• TASK REQUIREMENTS: Verbatim copy, images omitted: return the full listing.

• DATASET EXTRACT:
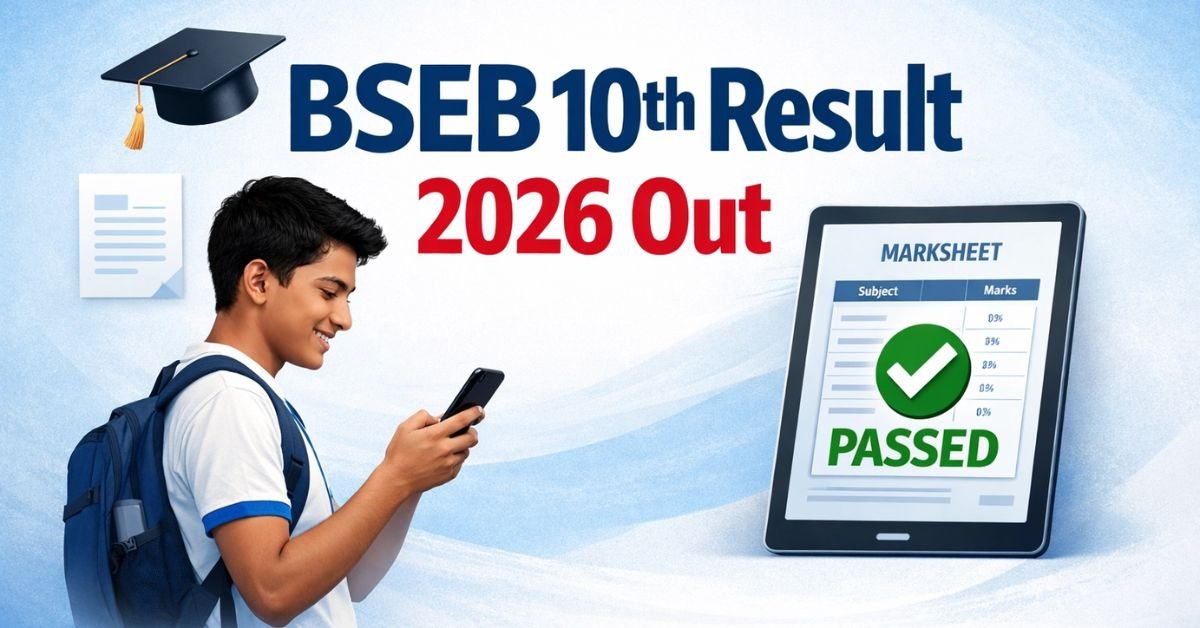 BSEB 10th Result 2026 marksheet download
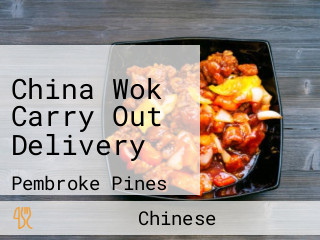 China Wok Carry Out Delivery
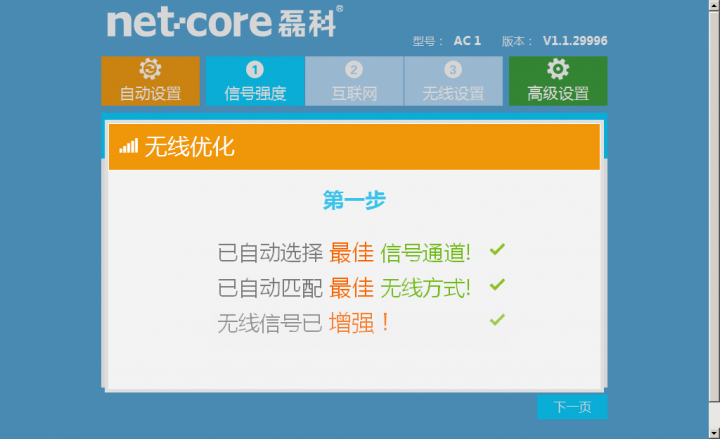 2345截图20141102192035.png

• EXERCISE RESULT:
 BSEB 10th Result 2026 marksheet download
 China Wok Carry Out Delivery
 2345截图20141102192035.png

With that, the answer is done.